# Two pole saw choices



## Doc7 (Aug 1, 2016)

Hello all,

I am a new home owner with about 20 trees in the yard part of the property with various degrees of limbing that need to be done. Also I am in a hunt club and like to cut shooting lanes from my tree stand locations and we need to keep all the roads clear of overhanging brush.
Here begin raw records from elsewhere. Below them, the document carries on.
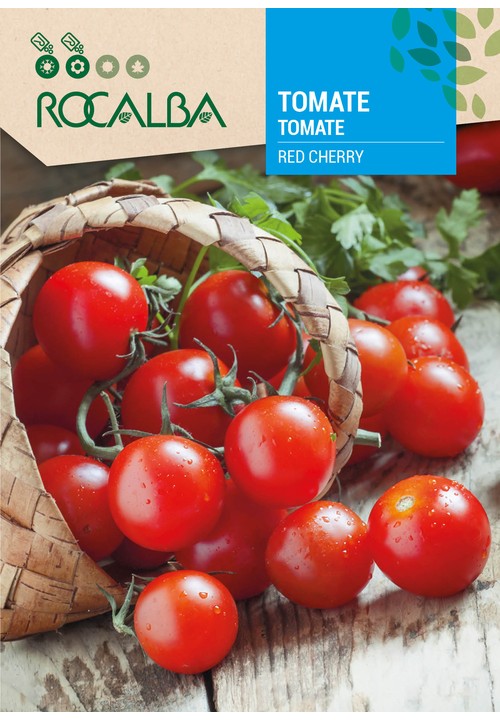 TOMATE RED CHERRY
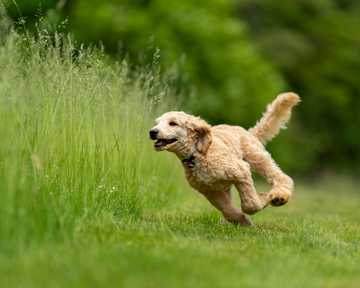 que hacer si se escapa mi perro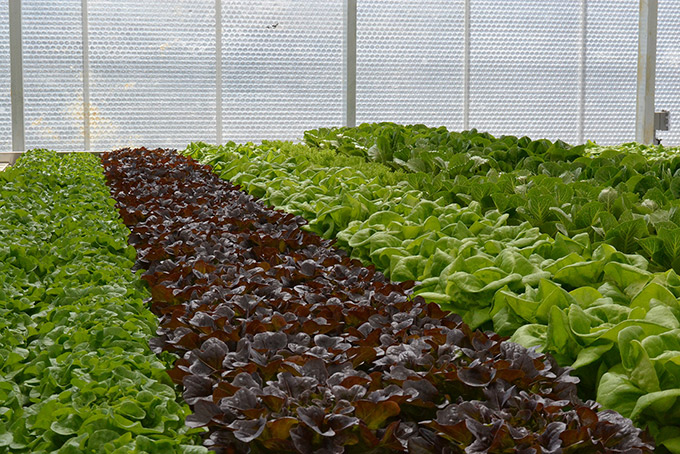 Great Lakes Growers Greenhouse Lettuce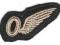 Anglia-naszywkaRAF   3107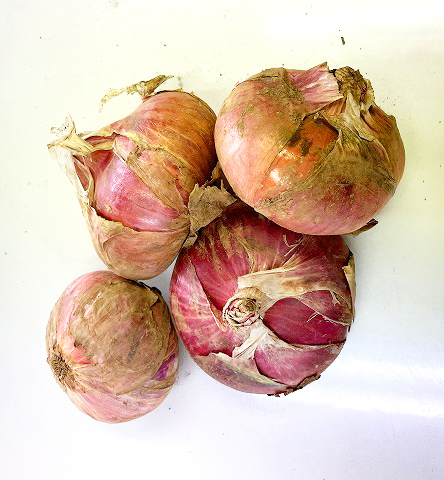 有機栽培赤玉ねぎ400g[千葉県芝山町産]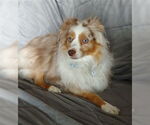 Small Australian Shepherd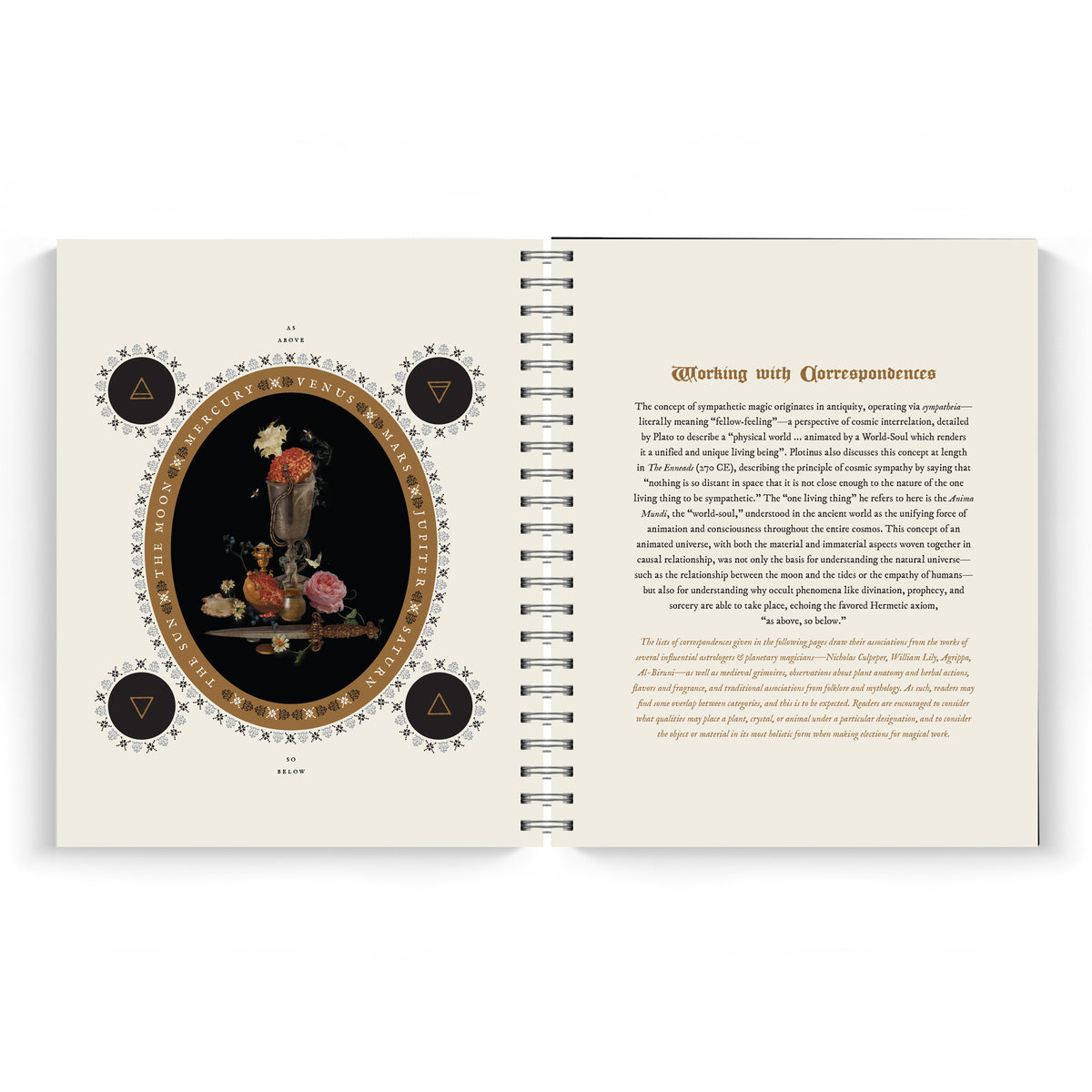 The Witch's Yearly Planner 2027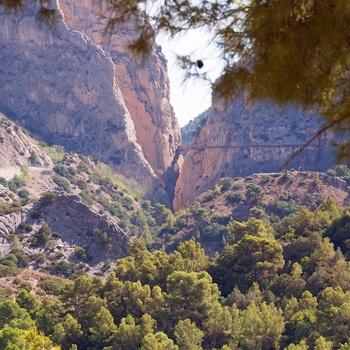 El Caminito del Rey eller The King's Little Path - en vandretur i kløften El Chorro - Andalusien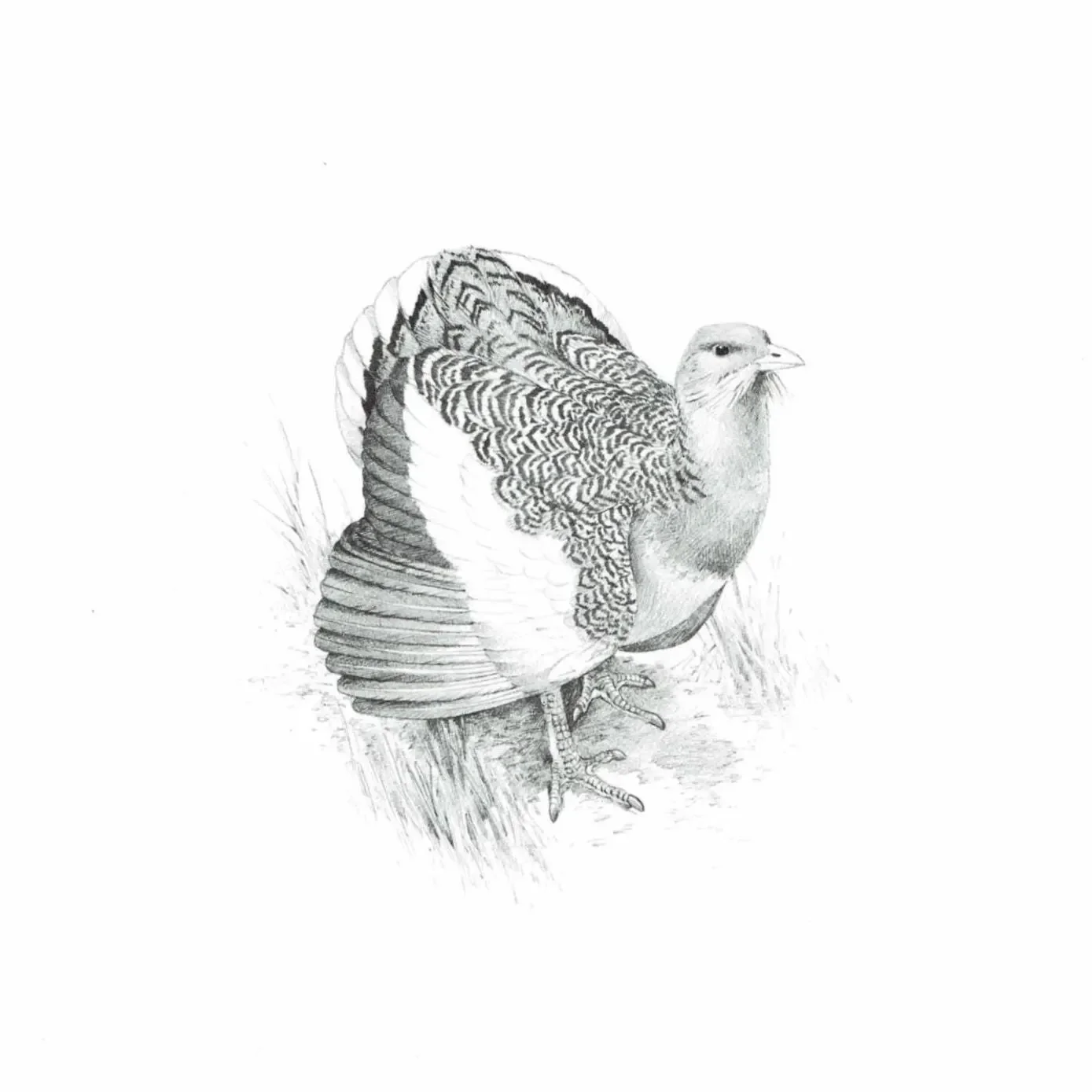 1981 Great Bustard Game Birds Print - Maurice Pledger - Vintage Wildlife Art - Ornithology - 11.5 x 16.5 in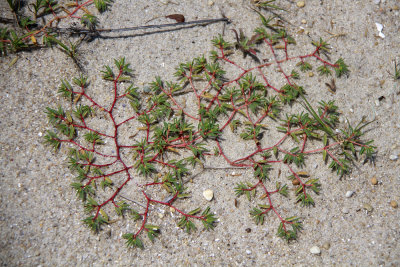 Euphorbia polygonifolia- Seaside Spurge
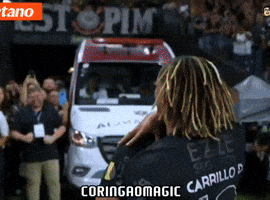 Santos Fc Futebol GIF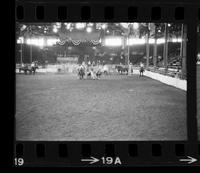 Willard Combs Steer wrestling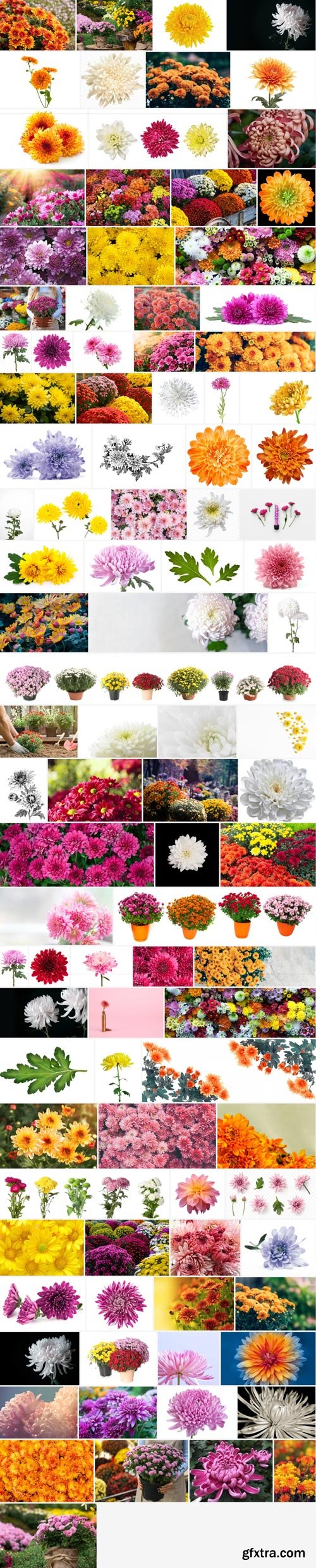 Amazing Photos, Chrysanthemum 100xJPEG
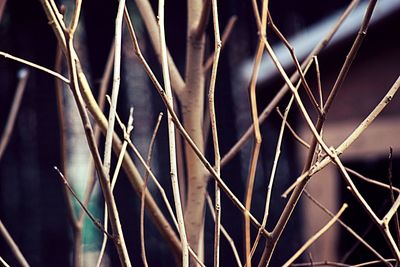 Low angle view of bare tree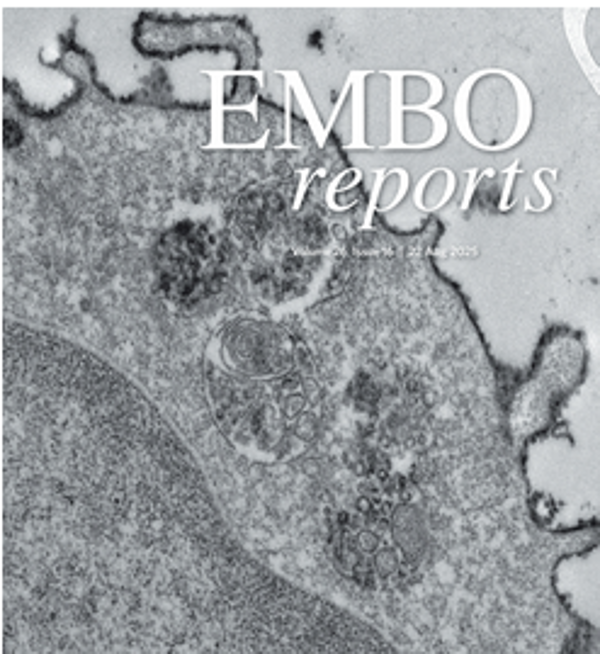 EMBO Reports Journal Cover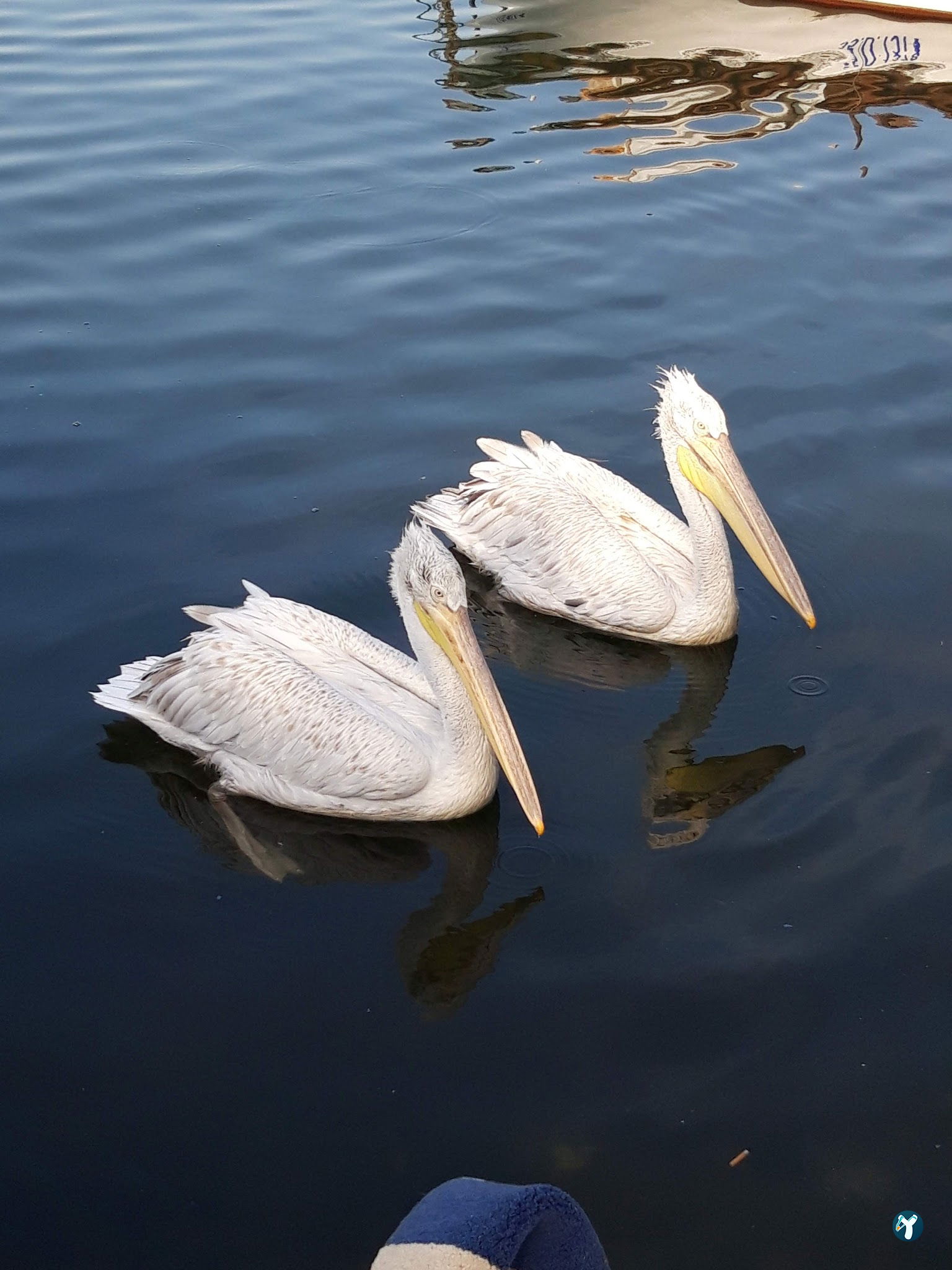 Park Balık Restoran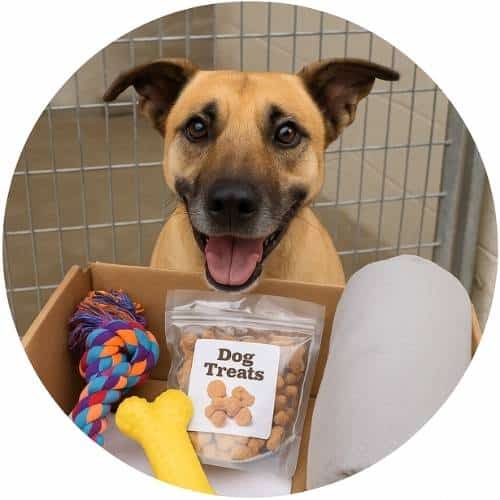 Care Packs for Shelter Dogs Products
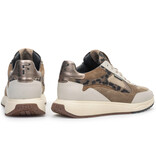Floris van Bommel Floris van Bommel Sneaker Suvi 03.04 Taupe
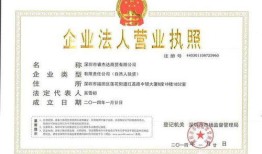 房产营业执照怎么办理(房产营业执照怎么办理的)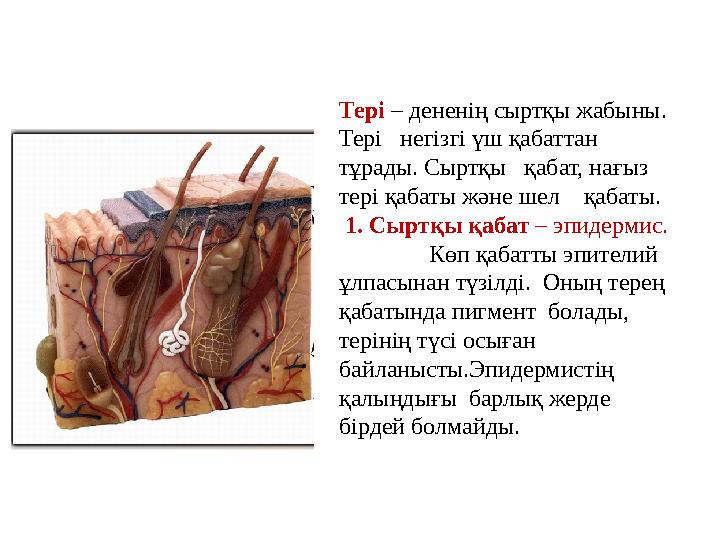 Тері – дененің сыртқы жабыны. Тері негізгі үш қабаттан тұрады. Сыртқы қабат, нағыз тері қабаты және шел қабаты. 1.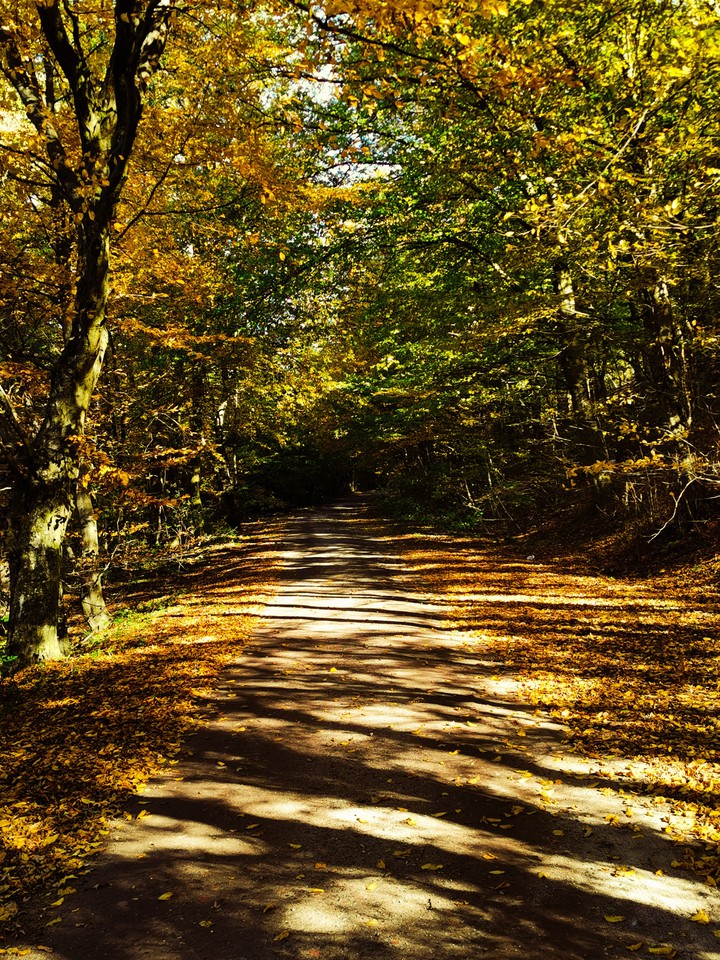 Road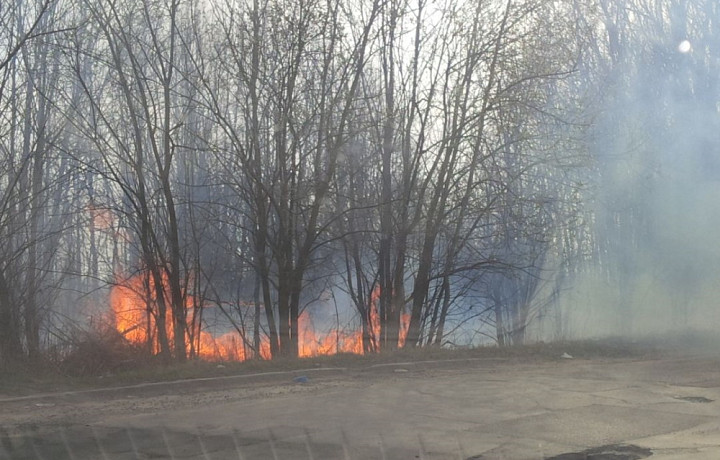 Сводка происшествий в Тульской области за прошлые сутки: девять пожаров и три ДТП
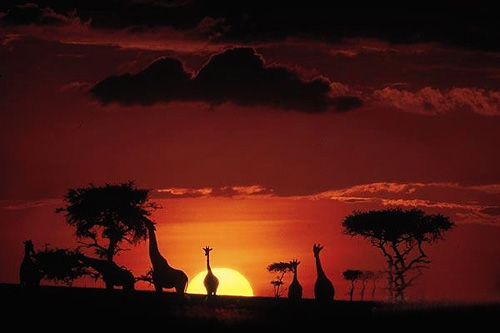 masai mara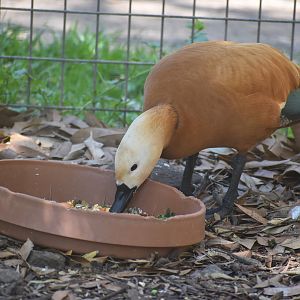 Ruddy Shelduck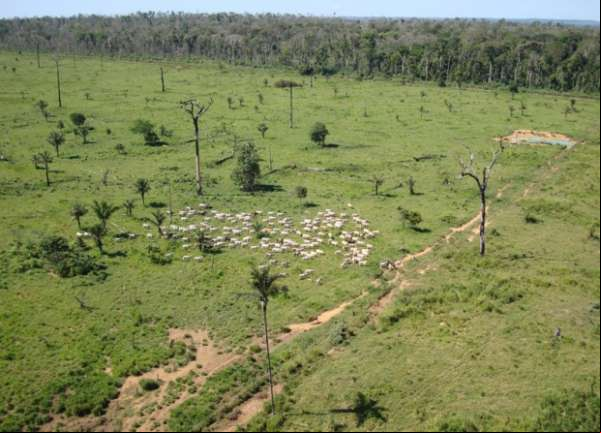 Cadastros ambientais rurais ocupam áreas de 13 terras indígenas em MT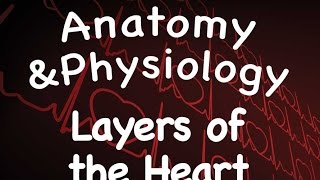 Cardiovascular System  Layers of the Heart 1402 [upl. by Resay]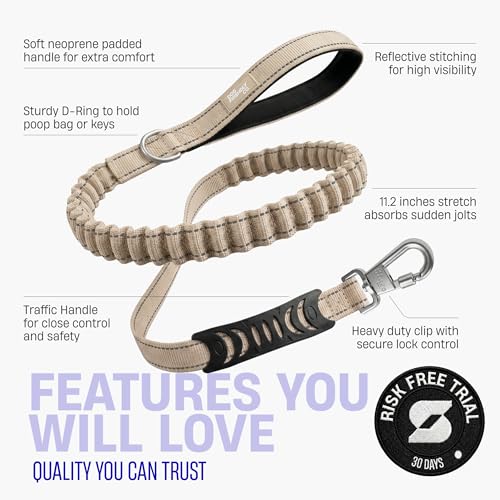 Bungee Dog Leash (Brown / Small)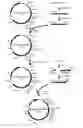 Fig. 01 - Recombinant microorganism capable of producing polylactate or polylactate copolymer from sucrose and method for producing polylactate or polylactate  copolymer from sucrose using the same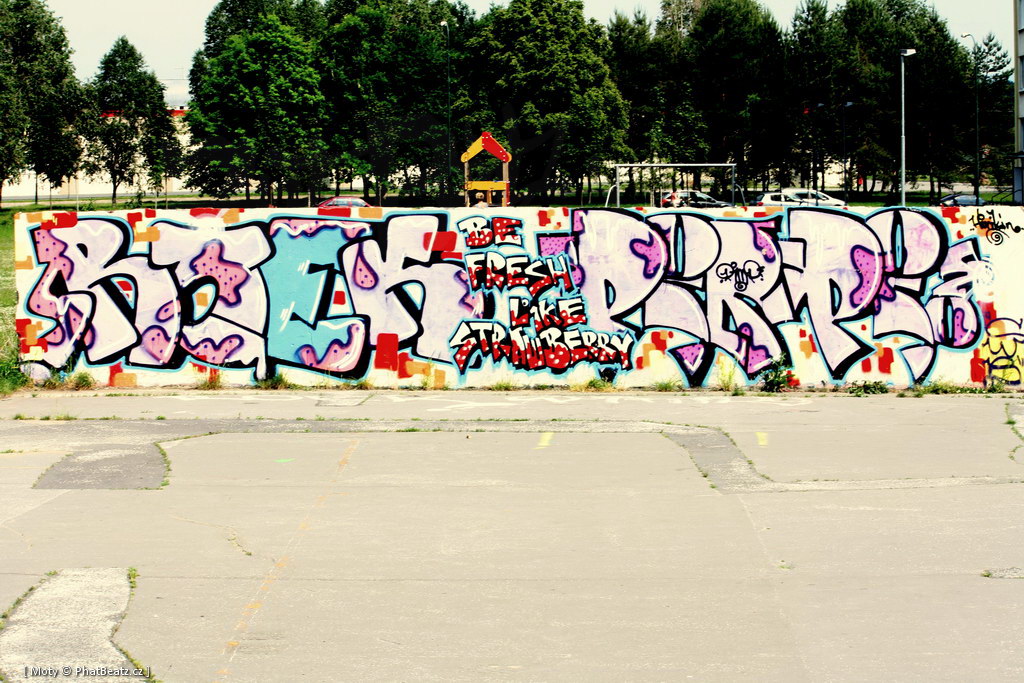 110521_Hodonin_11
I see a used 2002 Stihl HT75 for 400 dollars and for 550 dollars I can instead get a new Husqvarna 128LDX weed trimmer and a PA1100 power pole saw attachment for it. I can throw in an additional 43 inch boom. For my purposes will this equipment suffice? Is the trimmer pole saw head going to be a lot weaker than the HT75 and that's why they are different by orders of magnitude in new pricing?


----------



## Doc7 (Aug 1, 2016)

Here are the trees I am looking at in the front


----------



## Franny K (Aug 2, 2016)

The extendable ones have a pretty rigid outer tube an an inner tube that is about the same material as a straight shaft string trimmer. Not sure why there seem to be a bunch of this kind of choose from two questions. A 2002 would seem 14 years old by now, those prices are likely more than retail at that time. The extendable Stihl pole saws are now 4mix. 43 inch added pole/drive shaft would seem excessive to me for anything I have seen that comes with a hoop handle and trigger on the pole. Some bike handle brushcutters have more robust tubes however the the trigger is not on the shaft.
Those trees do not look to me like they need much if any trimming. Actually look like sprouts from next to previous trimming. You have to say how high up your tree stand is to know how long a pole saw or pruner is in order. For your roadways and those yard trees a staging on a trailer is one of the tactics I use.


----------